A great FAQ website about Mormons and Mormonism:
Day: March 12, 2012
PARA-PROS-DOKIANS: (Winston Churchill loved them.)
Here is the definition: “Figure of speech in which the latter part of a sentence or phrase is surprising or unexpected; frequently used in a humorous situation.
e.g. “Where there’s a will, I want to be in it,” is a type of paraprosdokian..
- Do not argue with an idiot. He will drag you down to his level and beat you with experience.
- The last thing I want to do is hurt you. But it’s still on my list.
- Light travels faster than sound. This is why some people appear bright until you hear them speak.

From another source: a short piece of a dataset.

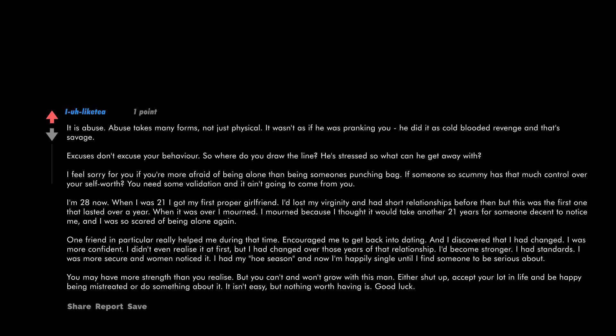I had my hoe season and now I'm happily single until I find someone to be serious about. You may have more strength than you realize, but you can't and won't grow with this man. Either shut up, accept your lot in life, and be happy being mistreated, or do something about it. It isn't easy, but nothing worth having is. Good luck.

- If I agreed with you, we’d both be wrong.
- We never really grow up, we only learn how to act in public.
- War does not determine who is right – only who is left.
- Knowledge is knowing that a tomato is a fruit.. Wisdom is not putting it in a fruit salad.
- Evening news is where they begin with ‘Good Evening,’ and then proceed to tell you why it isn’t.
- To steal ideas from one person is plagiarism. To steal from many is research.
- A bus station is where a bus stops. A train station is where a train stops. On my desk, I have a work station.
- I thought I wanted a career. Turns out I just wanted paychecks.
- Whenever I fill out an application, in the part that says, ‘In case of emergency, notify:’ I put ‘DOCTOR.’
- I didn’t say it was your fault, I said I was blaming you.
- Women will never be equal to men until they can walk down the street with a bald head and a beer gut, and still think they are sexy.
- Behind every successful man is his woman. Behind the fall of a successful man is usually another woman. (John Edwards will attest to that)
- A clear conscience is the sign of a fuzzy memory.
- You do not need a parachute to skydive. You only need a parachute if you want to skydive again.
- Money can’t buy happiness, but it sure makes misery easier to live with.
- There’s a fine line between cuddling and holding someone down so they can’t get away.
- I used to be indecisive. Now I’m not so sure.
- You’re never too old to learn something stupid.
- To be sure of hitting the target, shoot first, then call whatever you hit, the target.
- Nostalgia isn’t what it used to be.
- Change is inevitable, except from a vending machine.
- Going to church doesn’t make you a Christian any more than standing in a garage makes you a car.
- Where there’s a will, there are relatives.